Architecture Comparison
Legacy BioCypher Architecture
graph TD
A[Raw Data] --> B[Translator]
B --> C[BioCypherNode/Edge]
C --> D[Deduplicator]
D --> E[In-Memory KG]
E --> F[Output Writers]
G[Schema Config] --> B
H[Ontology] --> B
I[BioCypher Config] --> A
Characteristics:
- Monolithic: Single
BioCypher
class orchestrates everything - ETL-Focused: Designed for batch processing of large datasets
- Strict Validation: Mandatory schema validation and deduplication
- Complex Pipeline: Multi-step translation and processing
- Global State: Singleton deduplicator across all operations
New BioCypher Architecture
graph TD
A[Raw Data] --> B[BioCypherWorkflow]
B --> C[Native Graph]
C --> D[Wrapper Methods]
D --> E[NetworkX/Pandas]
F[Schema Config] --> B
G[Ontology] --> B
H[Validation Modes] --> B
I[Agent Workflows] --> B
J[Deterministic Workflows] --> B
Characteristics:
- Modular: Separate
BioCypherWorkflow
andGraph
classes - Agentic-First: Optimized for LLM agent workflows
- Progressive Validation: Optional validation with flexible modes
- Zero Dependencies: Pure Python implementation
- Local State: Per-workflow validation and deduplication
Key Differences
1. Object Models
Aspect | Legacy BioCypher | New Implementation |
---|---|---|
Node Objects | BioCypherNode (complex) |
Node (simple dataclass) |
Edge Objects | BioCypherEdge (complex) |
Edge (simple dataclass) |
Properties | Rich metadata + properties | Simple properties dict |
Methods | get_id() , get_label() , etc. |
Direct attribute access |
Serialization | Complex internal format | Simple JSON serialization |
2. Validation and Deduplication
Aspect | Legacy BioCypher | New Implementation |
---|---|---|
Validation | Warn / strict | None / warn / strict |
Deduplication | Global singleton | Per-workflow tracking |
Schema | Mandatory | Optional |
Error Handling | Fail-fast | Configurable (warn/continue) |
Performance | Overhead for all operations | Zero overhead in "none" mode |
3. API Design
Aspect | Legacy BioCypher | New Implementation |
---|---|---|
Entry Point | BioCypher() class |
create_workflow() function |
Configuration | Complex config files | Simple parameters |
Workflow | Batch ETL pipeline | Interactive graph building |
Output | Multiple output formats | Native graph + wrappers |
Learning Curve | Steep (many concepts) | Gentle (progressive complexity) |
4. Use Cases
Use Case | Legacy BioCypher | New Implementation |
---|---|---|
ETL Pipelines | ✅ Excellent | ❌ Not suitable |
Agent Workflows | ❌ Too rigid | ✅ Excellent |
Interactive Exploration | ❌ Batch-only | ✅ Excellent |
Large Datasets | ✅ Optimized | ❌ Memory-bound |
Schema Validation | ✅ Comprehensive | ⚠️ Basic only |
Research Prototyping | ❌ Overkill | ✅ Perfect |
Database Integration | ✅ Full support | ❌ Not supported |
Ontology Integration | ✅ Advanced | ❌ Basic only |
Batch Processing | ✅ Optimized | ❌ Not supported |
Metadata Handling | ✅ Rich support | ❌ Basic only |
Implementation Details
New Components
1. BioCypherWorkflow
Class
# Simple, clean API
workflow = create_workflow(
name="my_graph",
validation_mode="warn", # none/warn/strict
deduplication=True
)
# Add nodes and edges
workflow.add_node("protein_1", "protein", name="TP53")

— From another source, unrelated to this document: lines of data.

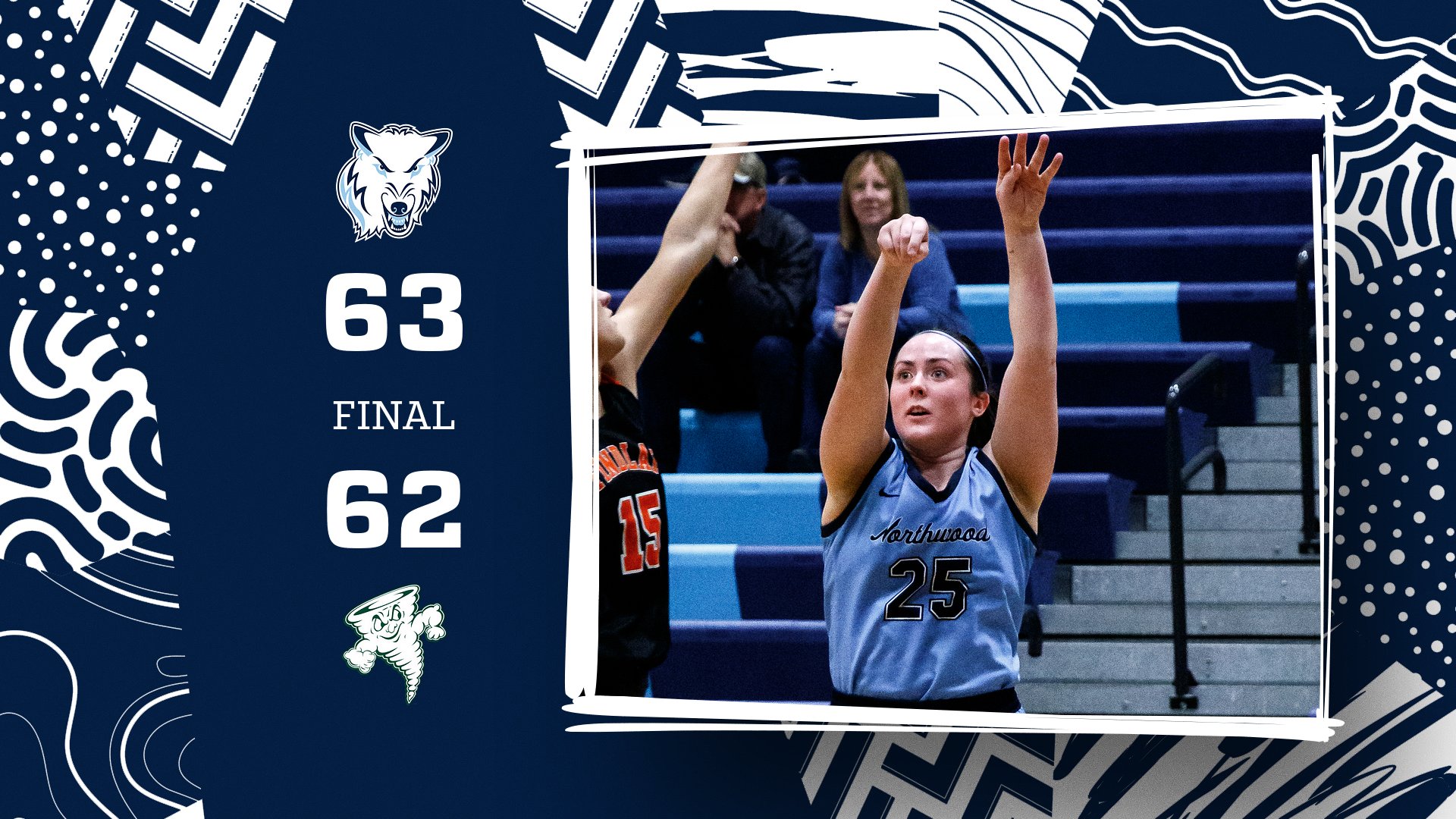 Women's Basketball Wins 63-62 At Lake Erie
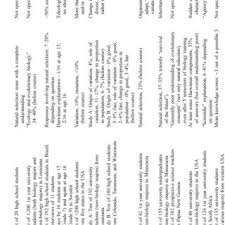 Evolution natural selection answer key student exploration: Pdf Understanding Natural Selection Essential Concepts And Common Misconceptions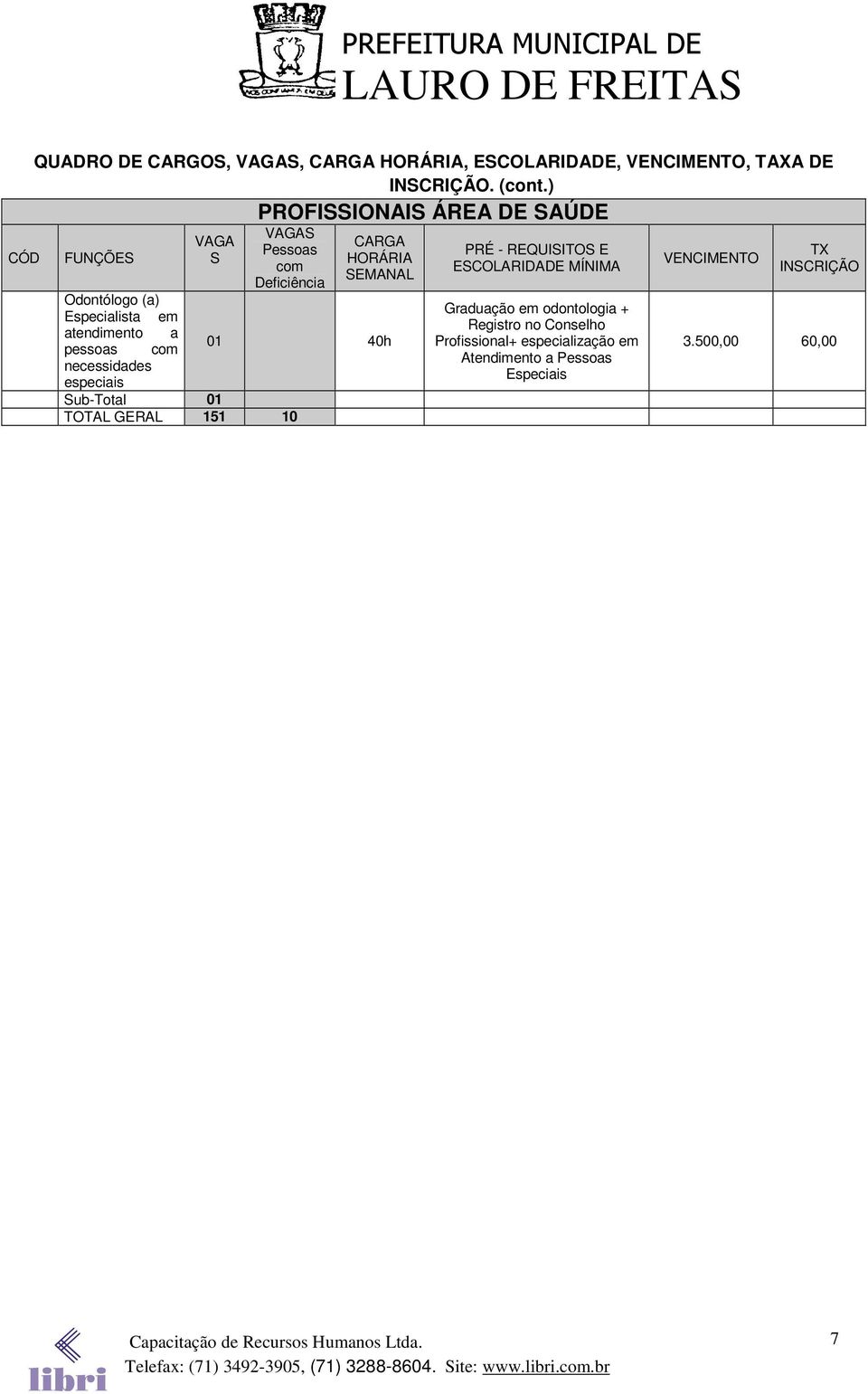 pessoas com necessidades especiais Sub-Total 01 TOTAL GERAL 151 10 CARGA HORÁRIA SEMANAL 01 40h PRÉ - REQUISITOS E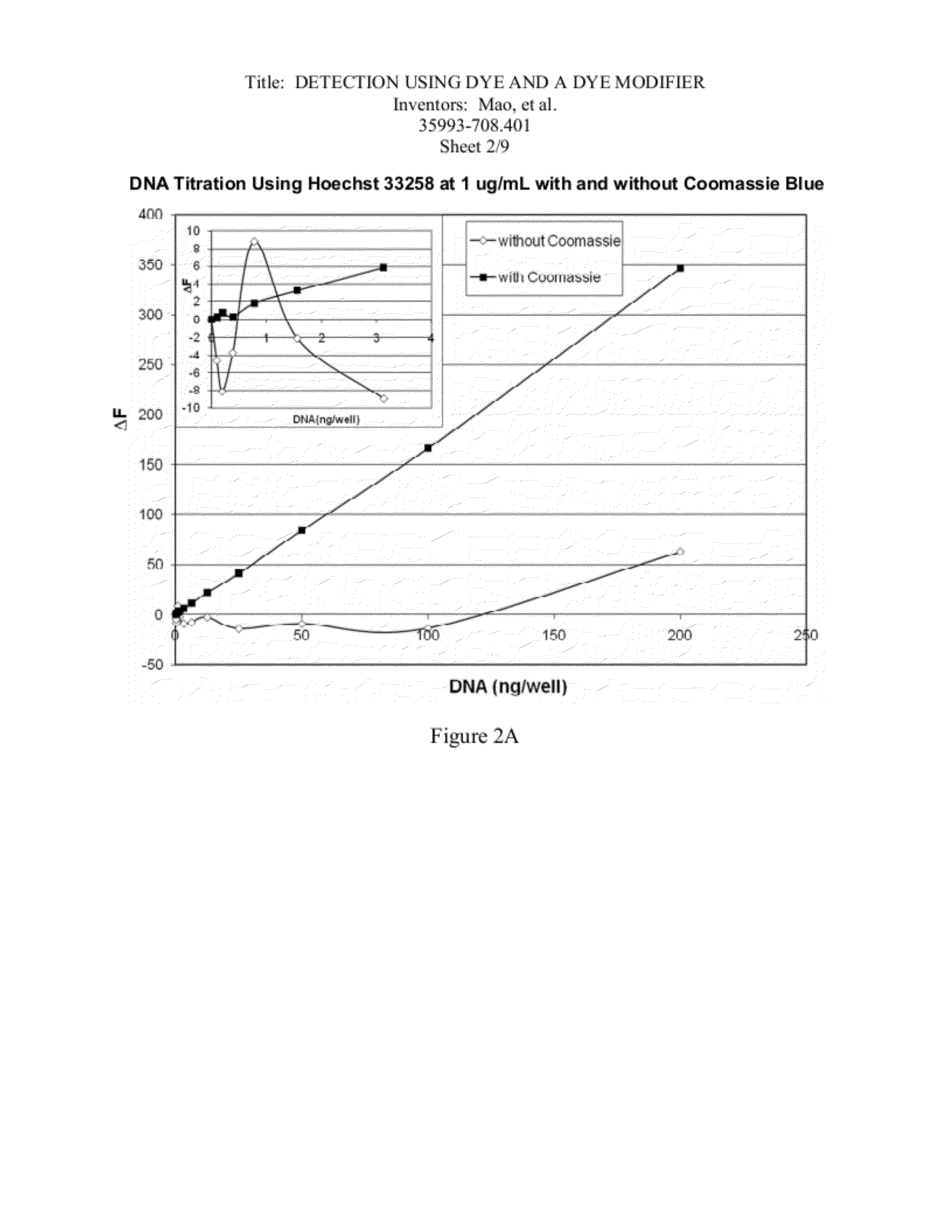 Detection using a dye and a dye modifier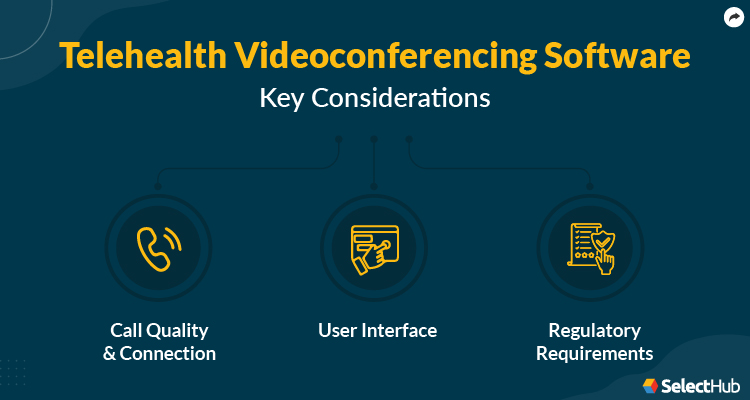 Telehealth Videoconferencing Key Considerations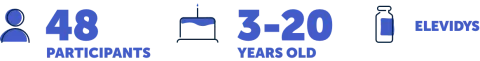 Forty-eight participants, Three to twenty years old.
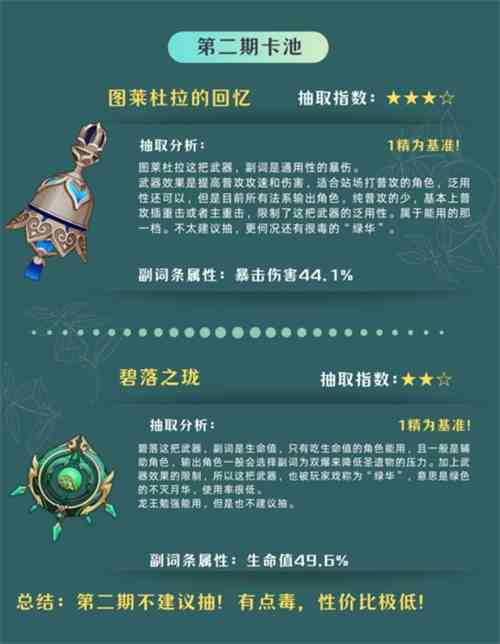 《原神》4.6角色和武器抽取分析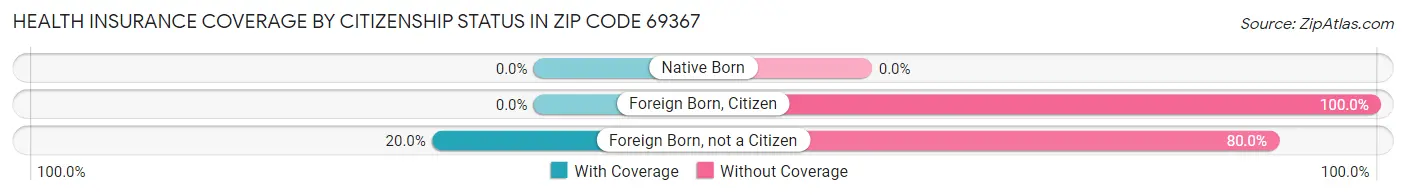 Health Insurance Coverage by Citizenship Status in Zip Code 69367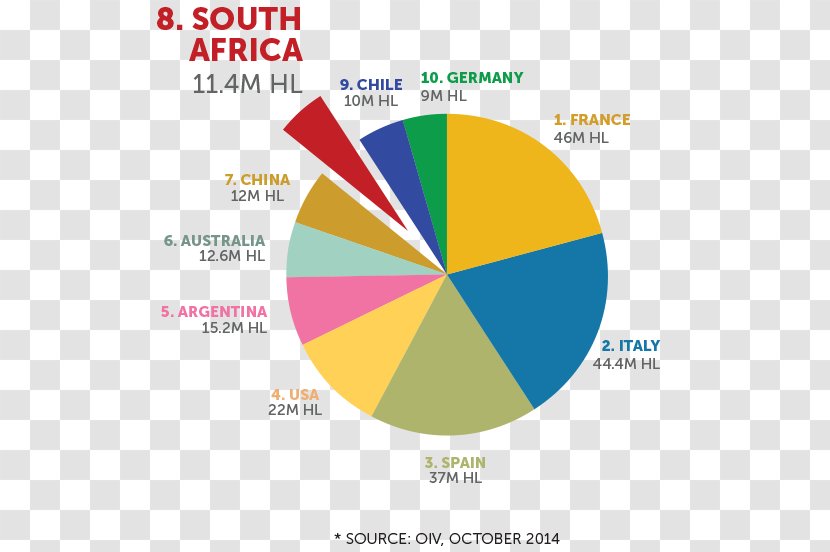 South African Wine Export Economía De Suráfrica - Agriculture - Scandinavia Transparent PNG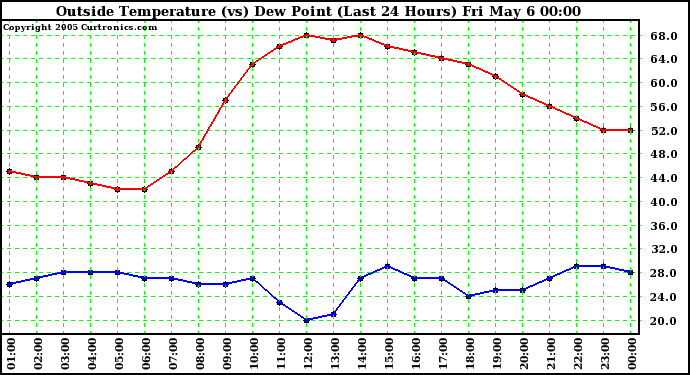  Outside Temperature (vs) Dew Point (Last 24 Hours)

workflow.add_edge("interaction_1", "interaction", "protein_1", "protein_2")
Key Features:
- Progressive validation modes
- Optional schema support
- Wrapper methods for compatibility
- Agentic workflow optimization
2. Graph
Class
# Unified graph representation
graph = Graph(name="my_graph", directed=True)
# Simple operations
graph.add_node("node_1", "protein", {"name": "TP53"})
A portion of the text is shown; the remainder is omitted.